A disparada nos preços, impulsionada pela instabilidade global e pelo aumento da demanda na colheita, acendeu o sinal de alerta na Federarroz, que já acionou órgãos de fiscalização como o Ministério Público, Procon e a ANP para investigar possíveis abusos.
📉 Impacto nos Custos e na Operação
Para o produtor rural, o combustível é um dos itens mais pesados na planilha de custos. A situação atual redesenha o cenário econômico das fazendas:
Peso no Custo: Se na safra passada o diesel representava entre 8% e 10% do custo total de produção, a estimativa é que esse percentual suba drasticamente este ano.

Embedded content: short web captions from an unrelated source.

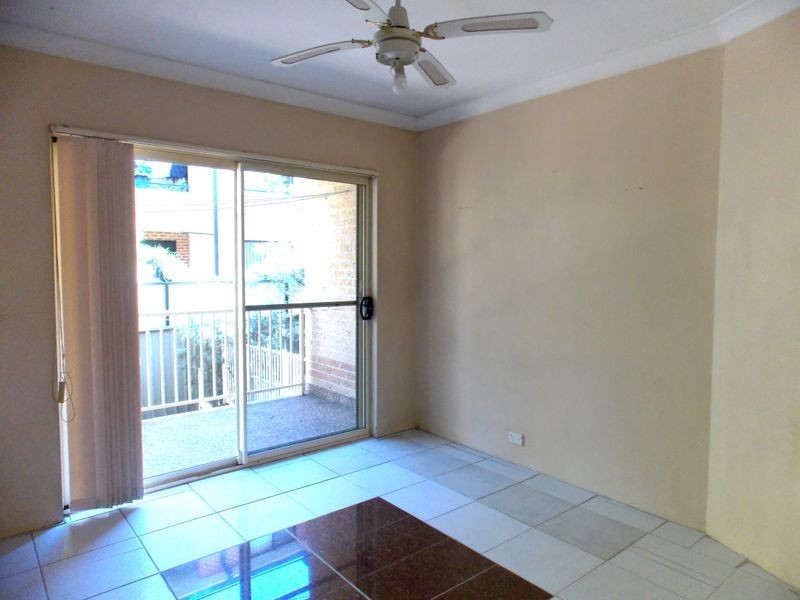 4/66-68 Pitt Street, Merrylands NSW 2160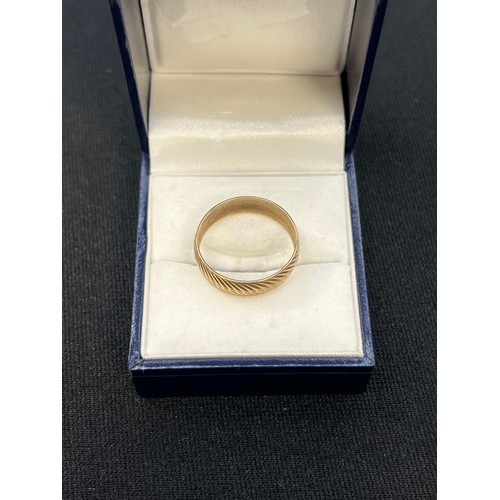 453 - 9ct Gold ring 2.4g size R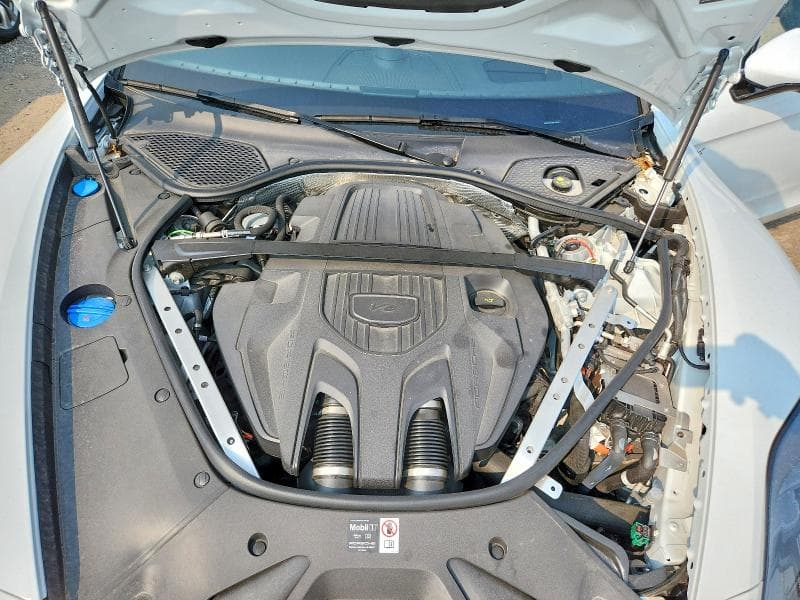 2025 PORSCHE PANAMERA 4 E-HYBRID 11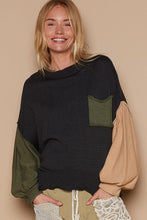 Load image into Gallery viewer, POL Color Block Roll Hem Hacci Sweater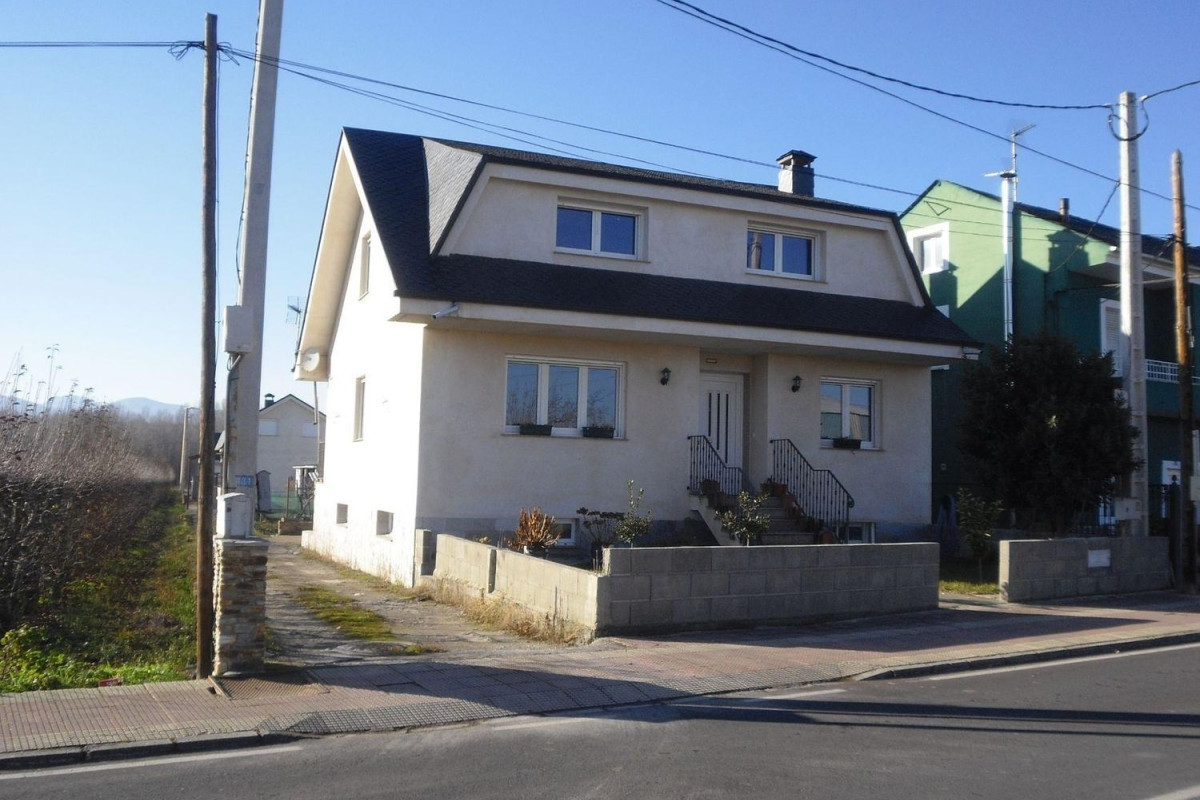 Продажа отдельного шале в , Карраседело photo 3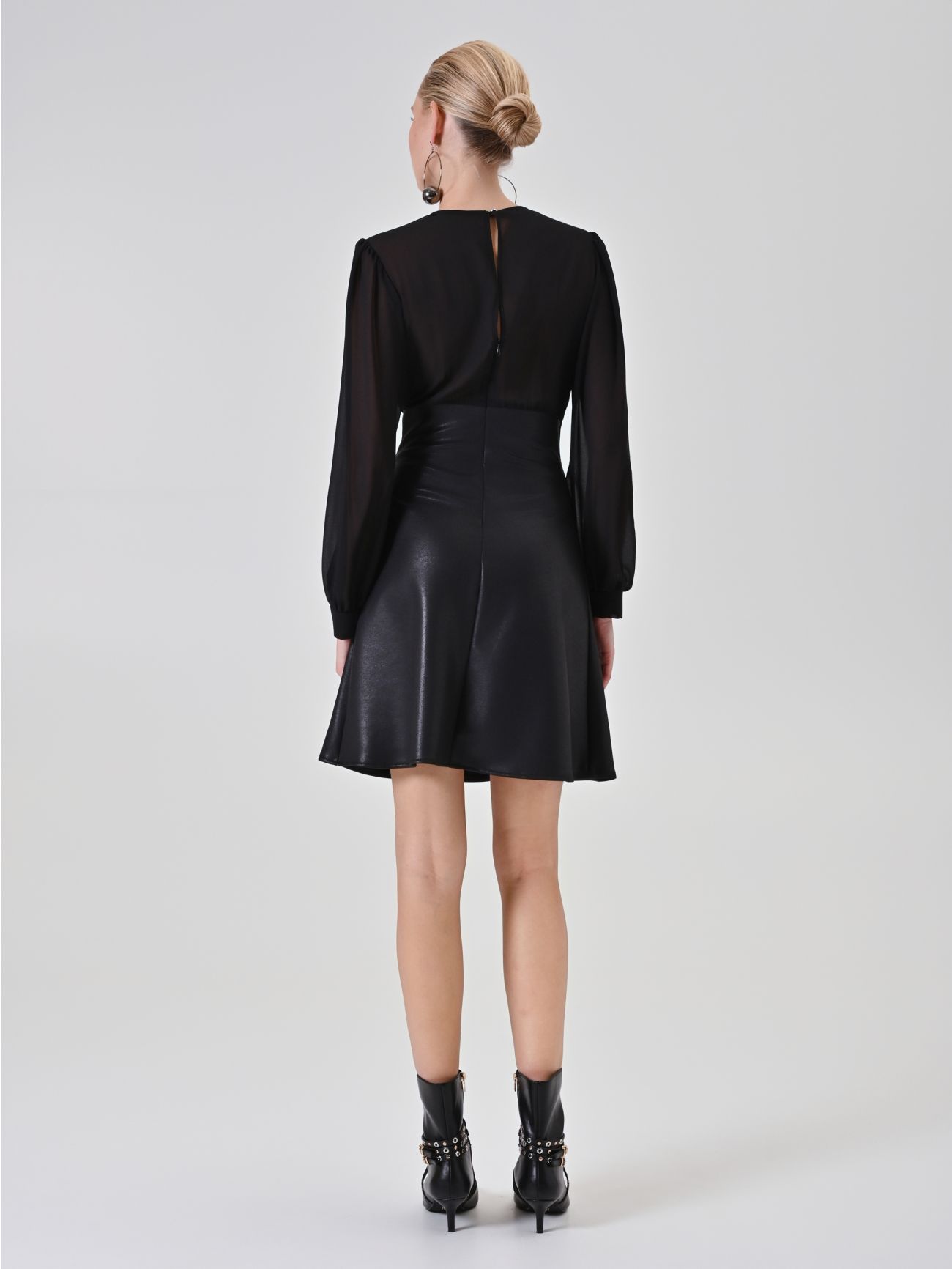 Black Contrast-Fabric Puff Sleeve Mini Dress det_3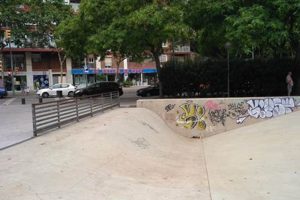Best BCN Skate Spots: Barcelona for Skaters! How to Skateboard: A Beginner's Guide to Your First Board & Tricks Best BCN Skate Spots: Barcelona for Skaters! | How to Skateboard: A Beginner's Guide to Your First Board & Tricks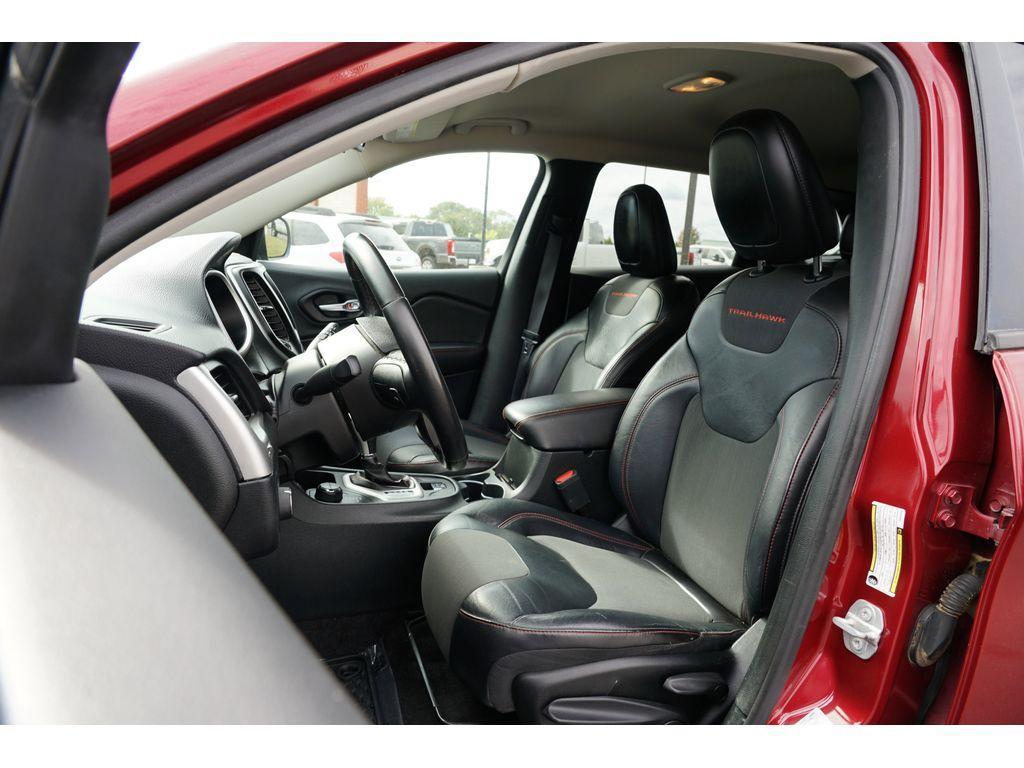 used 2016 Jeep Cherokee car, priced at $16,999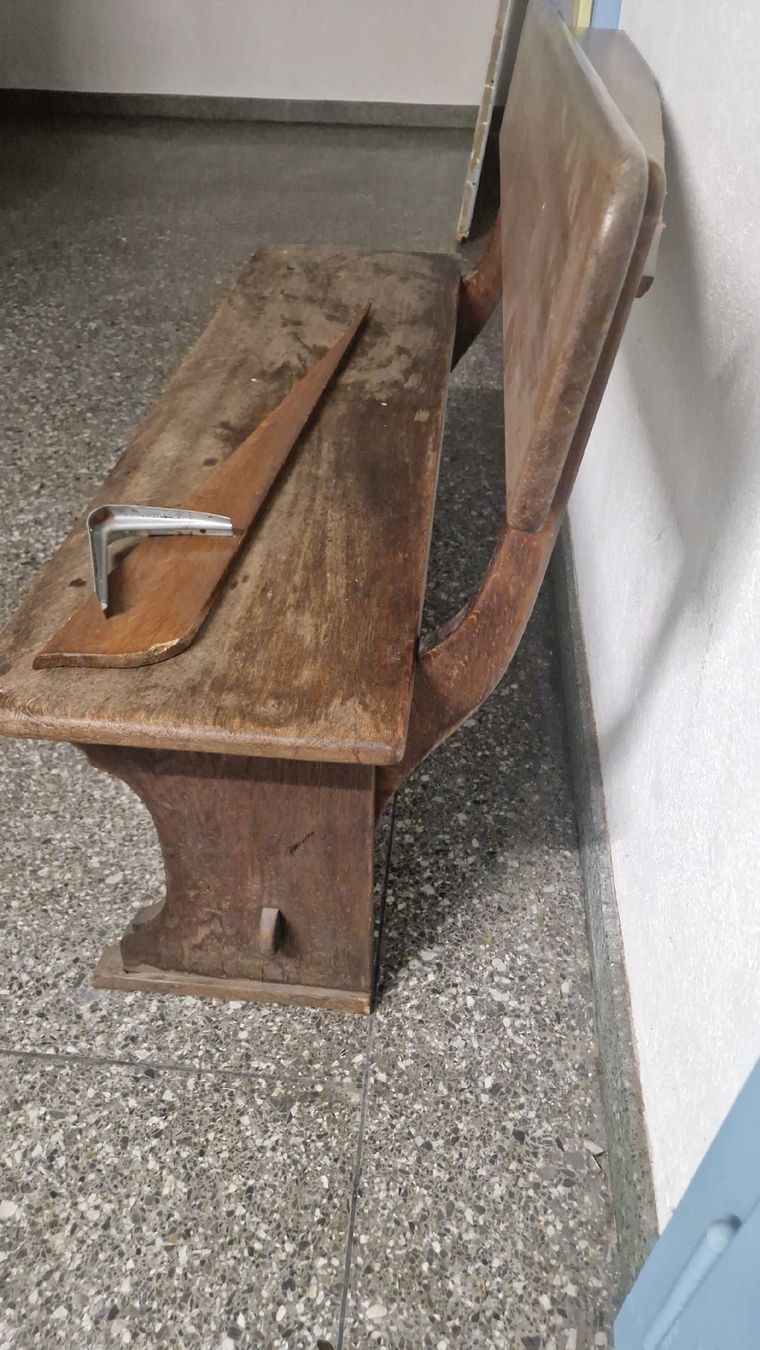 Bänke: Antike Holzbank, abgenutzt – Defekt aus Zürich von anna.caterina 3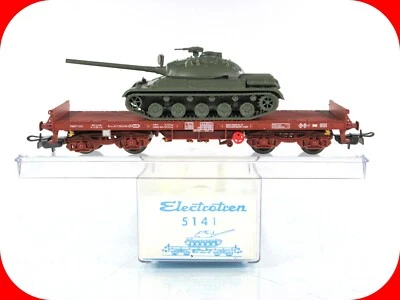 HO Scale ***FRENCH ARMY AMX30 TANK*** on  Flat Car ----- Electrotren 5141 **RARE - Image 1 of 4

Diferença de Preços: Produtores relatam que a variação entre revendedores, que antes era de centavos, agora chega a R$ 1,00 por litro.
Prioridade na Colheita: Temendo o desabastecimento, muitos arrozeiros interromperam o preparo do solo para a próxima safra (2027) para garantir que as máquinas tenham combustível suficiente para tirar o grão atual da terra.
📊 Panorama da Safra no RS
Apesar das dificuldades logísticas e financeiras, as máquinas seguem no campo. De acordo com dados da Emater/RS-Ascar e do Irga:
Progresso: Cerca de 10% da área total já foi colhida.
Área Plantada: 891.908 hectares em todo o estado.
Produtividade Esperada: Projeção média de 8.744 kg/ha.